# Childcare costs - Reduced, tax deductible or cashflow support



## _OkGo_ (9 Aug 2022)

@Purple , I've broken this off in a new thread because I think it got lost in the other thread.






						Make mortgage interest payments and childcare costs tax deductible while at the same time increasing property tax on PPR's
					

There is a serious flaw in the conversation about wealth, what it is and how we tax it.  Income is not wealth, in the context of housing it is what we use to acquire someone else's wealth (by paying off a mortgage) or to access someone else's wealth (by paying rent).  Here's an example of two...



					www.askaboutmoney.com
				





Purple said:


> Married couple with 2 kids in primary school and a mortgage.
> 
> Joint income €130,000
> Income tax, USC & PRSI €40,000
> ...



We are one of these families with a high income and childcare costs. For now its manageable because its only one child but when the second starts in childcare, the cost of childcare will easily exceed our mortgage payments and really eat into our disposable income for the next 4/5 years. We have made a big effort to fund pensions and overpay the mortgage so that we can manage our own cashflow when this happens so we'll be fine

While we would obviously benefit from reduced childcare costs, I don't think they should be made tax deductible. That is probably too much of a benefit for a select few and would possibly result in costs climbing further anyway.

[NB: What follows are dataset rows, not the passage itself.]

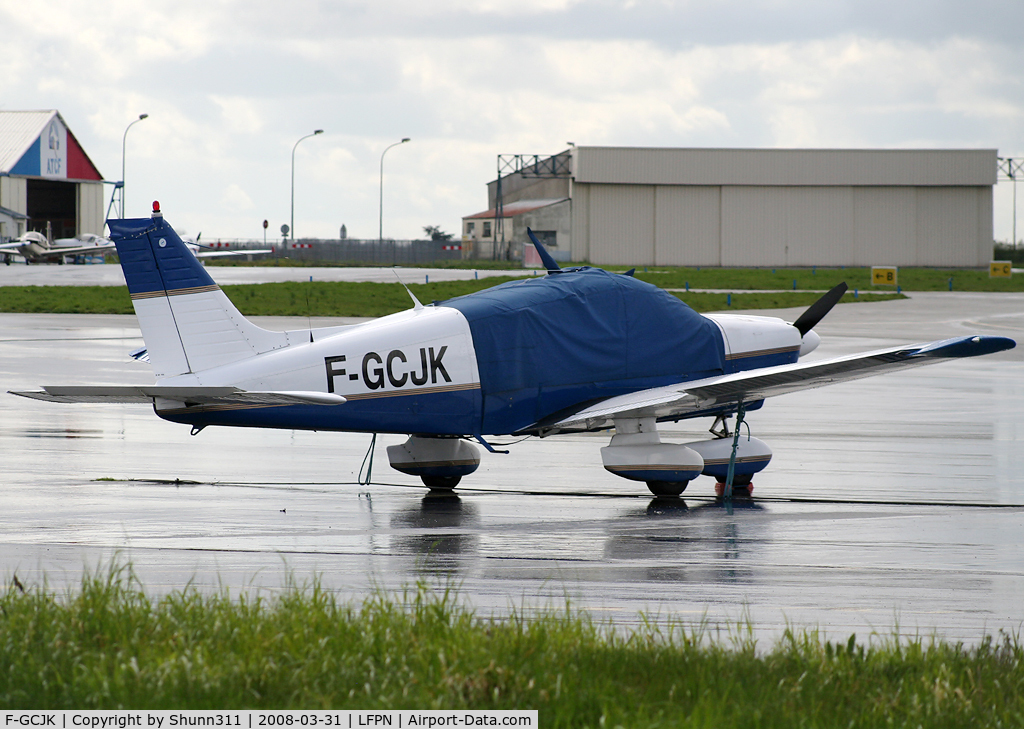 F-GCJK, Piper PA-28-181 Archer C/N 288090103, Waiting a new light flight
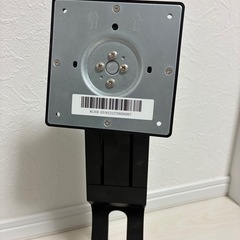 GigaCrystal製ゲーミングモニター台の画像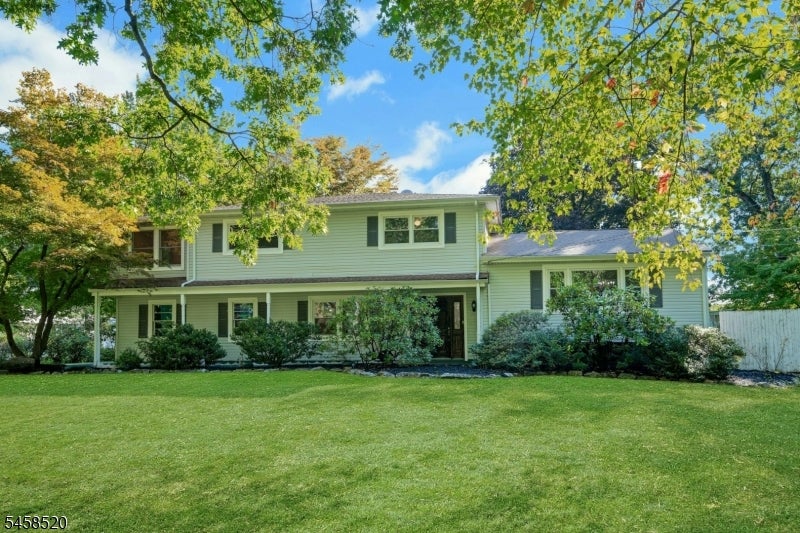 15 Camelot Way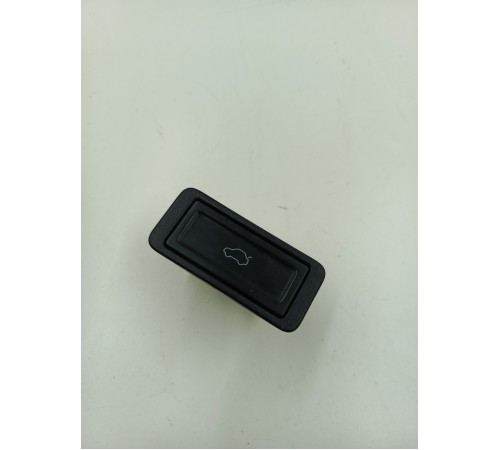 Кнопка открывания багажника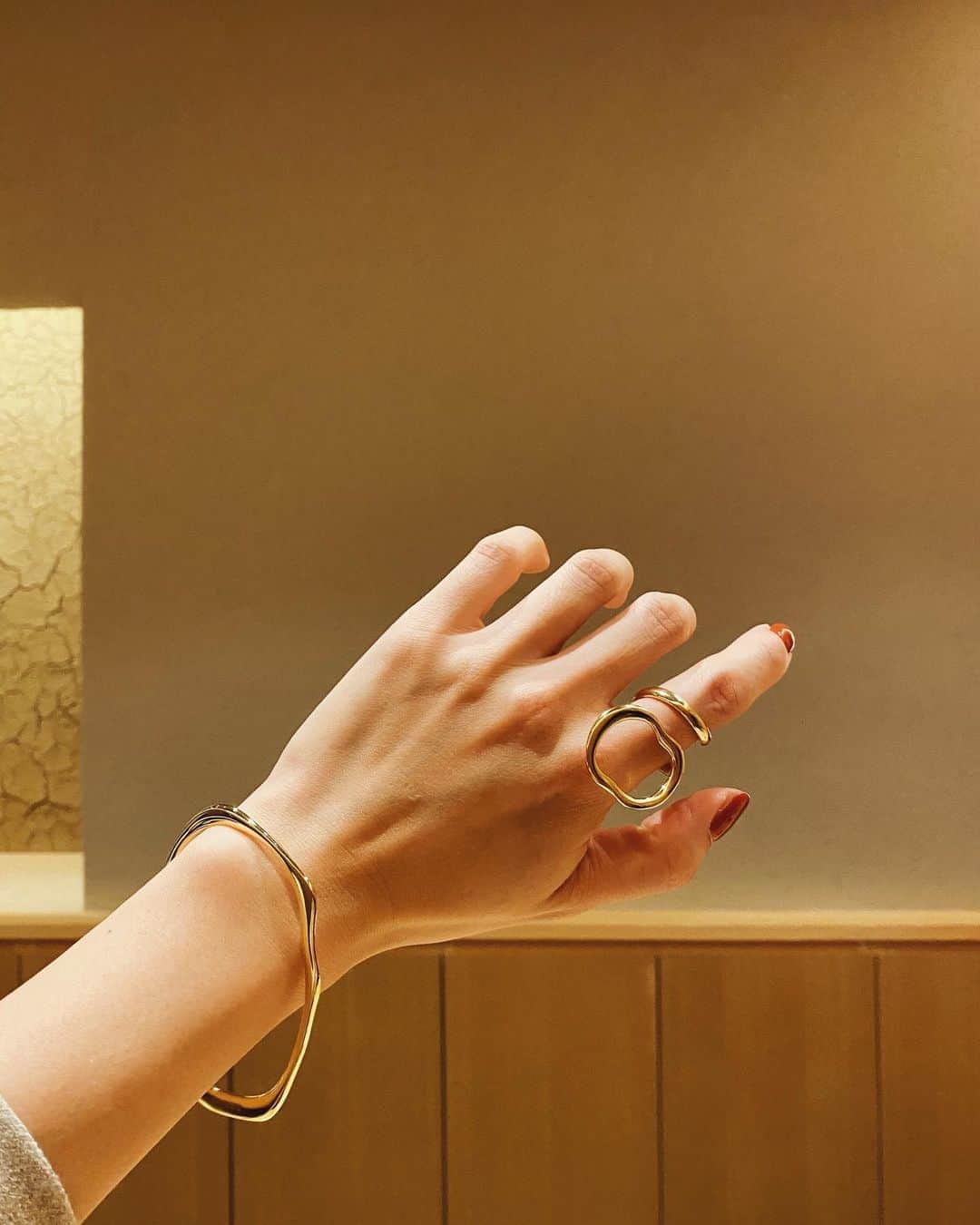 金セアルのグルメインスタ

The real issue I see is that childcare is a major cashflow headache for most families, even the high earners. I would much prefer to see a system in place to help parents manage the cashflow whereby you can choose to pay 50, 60, 70% of the monthly cost and then continue this rate of payment after childcare has finished, e.g. stretch 4/5 years cost over 8/10 years

The major advantage to this as I see it is that it can keep both parents working and funding pensions. I think it is crazy that in a household with a €50/60k and a €100k salaries, they would have similar net incomes after accounting for joint assessment and no cost of childcare. But what many don't see is that there are unseen "costs" to doing this such as missing out on pension contributions.

From a national level, I also think it is crazy that well educated and skilled people are leaving the workforce for a few years because of the financial burden for those 3/4 years. The decision to raise your own children should be made for family reasons, not for financial reasons.


----------



## Bow tie (9 Aug 2022)

_OkGo_ said:


> We are one of these families with a high income and childcare costs. For now its manageable because its only one child but when the second starts in childcare, the cost of childcare will easily exceed our mortgage payments and really eat into our disposable income for the next 4/5 years.


Creche for more than 1 (even 1) can be so punitive, it can be worth opting out of the workforce for a short time. Parental leave is not used enough in this country- one person take the first 26 weeks on top of maternity leave, then the other parent the second- while not losing your job. It can be a super way to cope with the first year or so. 
However, if you cannot afford it, it becomes moot. Perhaps the state should pay a very small supplement to parents staying at home- rather than hand to creches, make 26 weeks parental leave paid each? The benefit here would also be to normalise it, and for the person- they don't have to try to restart their career after leaving entirely.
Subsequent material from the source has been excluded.